A concerted effort by opposing factions on campus to gather proxy votes in advance of Thursday’s UTSU annual general meeting is underway, with thousands of votes potentially in play.

Routine votes that take place at the meeting have become increasingly polarized in recent years. Students opposed to the UTSU have consistently been outgunned when it comes to voting, and appear determined to change the status quo this year.

“For the first time in as long as I can remember, we’re actually collecting proxies,” said Sam Greene, student co-head of Trinity College.

Proxies are forms enabling students who cannot attend the meeting to have other students vote on their behalf. A fully completed form can confer one student with the votes of up to 10 others.
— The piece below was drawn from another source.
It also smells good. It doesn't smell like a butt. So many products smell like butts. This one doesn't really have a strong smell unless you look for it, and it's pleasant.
This year, approximately 375 forms have been signed out, meaning that up to 3,750 votes are in play. Equivalent estimates from last year vary from 20 to 50 forms.

The race to gather votes is motivated in part by the opposition’s experience at previous annual general meetings.
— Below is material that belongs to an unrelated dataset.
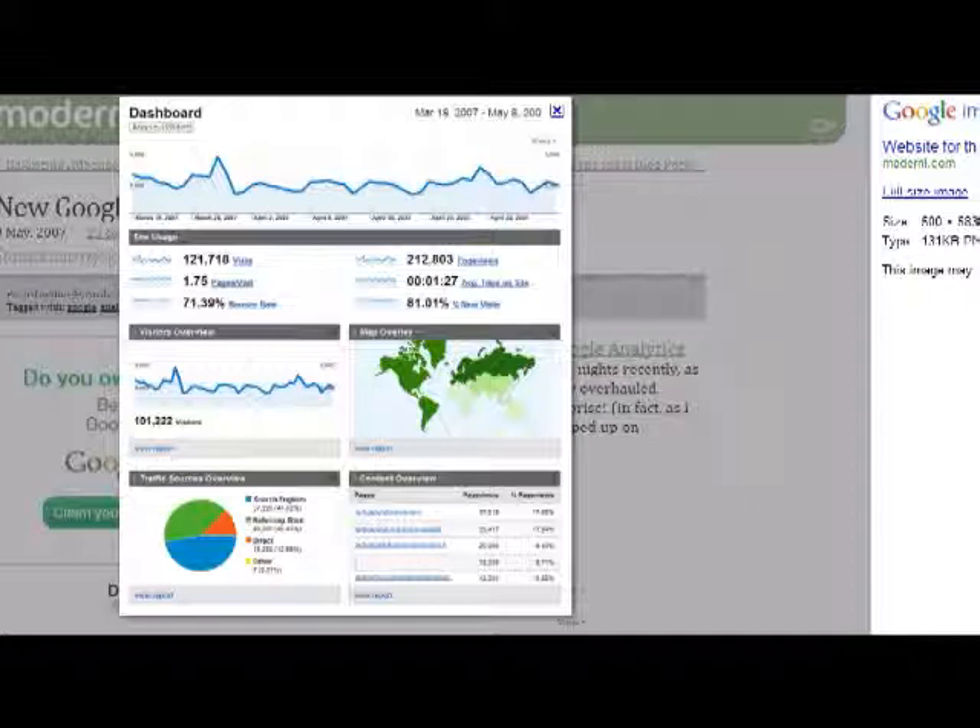Google Analytics will give you pretty much all the information you need regarding your website. It's going to tell you where the people are coming from, which city, what country they're coming from. It's going to tell you how many percentage of people are coming. For this particular example, we're using a website that gets about 121,000 visits, 212,000 page views. The average time for people on that particular site is about a minute and 27 seconds. They're telling you down here traffic sources — how the people are being referred and how they're finding that particular site. People may be finding your website through search engines or they may have a direct link. Maybe you posted a link on Facebook or another website that's referring you, and you can see all that information here.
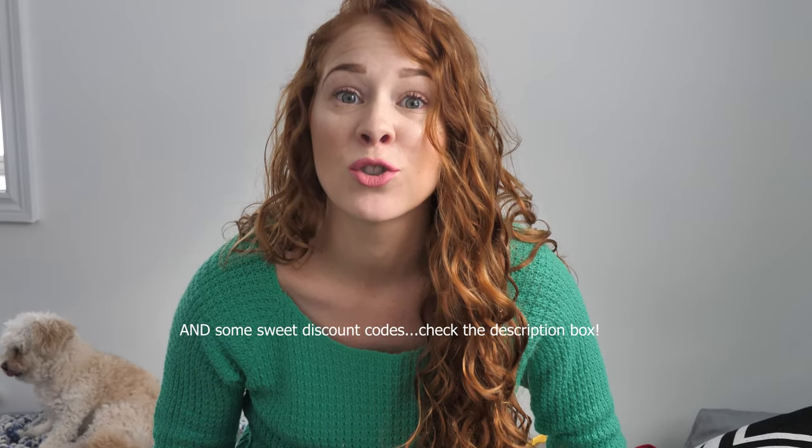Hey friends, welcome back to my channel, or if you're new then just welcome. I'm so glad you clicked on today's video. As you can tell from the title, we are doing another Kapshi haul today, but it's not just swimwear this time — I have a couple of bathing suit cover-ups to share with you guys and they are so cute.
“They limited debate to three speakers for and three speakers against,” said Brett Chang, a fixture of the opposition movement on campus. “It allowed them to force votes quicker, and power through the agenda. Students with legitimate concerns were silenced.”
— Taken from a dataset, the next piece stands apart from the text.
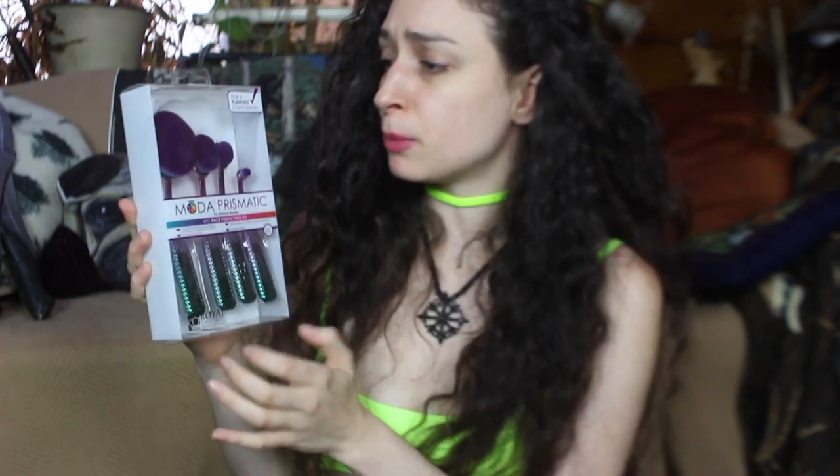There's another Babe Lash Serum, and I also got the Moda Prismatic Four Piece Face Perfecting Kit — I actually got this same brush set last year, so I may put this in a giveaway. They're green and purple, a beautiful color combination. Then there's the Eva New York City Maxi Magic 10-in-1 Styling Mousse. I used to use mousse all the time in high school. Last year Eva NYC gave us a glitter spray that was fantastic, and a Dream Cream that smells like cheesecake.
According to Greene, allies of the union tend to come prepared with a “massive number of proxies” that, when deployed in combination with students that the union “buses in from UTM for the meeting”, ensures the passage of all agenda items.

Engineering Society president Rishi Maharaj says he thinks that anyone who attends the meeting will see the problems confronting the opposition.

“I want as many as possible to attend, to see how the union actually functions,” says Maharaj. He estimates that engineering society members have submitted between 40 and 60 completed proxy forms.

Opposition efforts to collect proxies are concentrated at St. Michael’s College, Trinity College, and the Faculty of Engineering. According to Maharaj, however, all members of the SGRT are working on increasing their presence at the meeting.

The union and its allies, aware of this effort, have engaged in a campaign of their own. Student groups with connections to the current UTSU executive have been actively soliciting proxies.

There are allegations that their strategy has been to suggest that without support, in person or through proxies, clubs funding and even the very existence of the union could be endangered.

Others have complained that these suggestions are misleading attempts at scare-mongering.

Kerri Tingling, vice-president of the Black Students’ Association, urged supporters on Facebook to collect proxies: “If you truly love the BSA, we need you to stop by the UTSU office ASAP and pick up a proxy form … support our beloved UTSU by dropping by their office”.

At a Hindu Students‘ Council Diwali event, students were asked to sign a “petition” which was in fact a proxy form.

“The students were told that “15,000 to 16,000 Trinity students had signed a petition to abolish the Hindu Students’ Council, and they needed to collect signatures to stop them,” said Sanchit Mathur, a director on the UTSU board.

“Around this time of the year cultural clubs often feel the most targeted when people are going after the UTSU,” said Mathur.

In another instance related by Trinity director Calvin Mitchell, a student stood up in her Swahili class on Thursday and asked her classmates to sign her proxy form. “I was just sitting in a NEW280 class and at the break a student representing the UTSU came in and said everyone needs to sign their proxy form if they don’t want the union to be abolished,” says Mitchell, who is also enrolled in the class.

It remains unclear which side has collected more proxy votes. The meeting room’s capacity is 273. With approximately 375 forms signed out, it is possible that all form-holders will not be able to fit into the room. Tensions are high across campus, and a controversial meeting is now expected by both parties. “People are just going to get frustrated and angry,” predicts Laurel Chester, New College director for the UTSU. “And things aren’t going to go well.”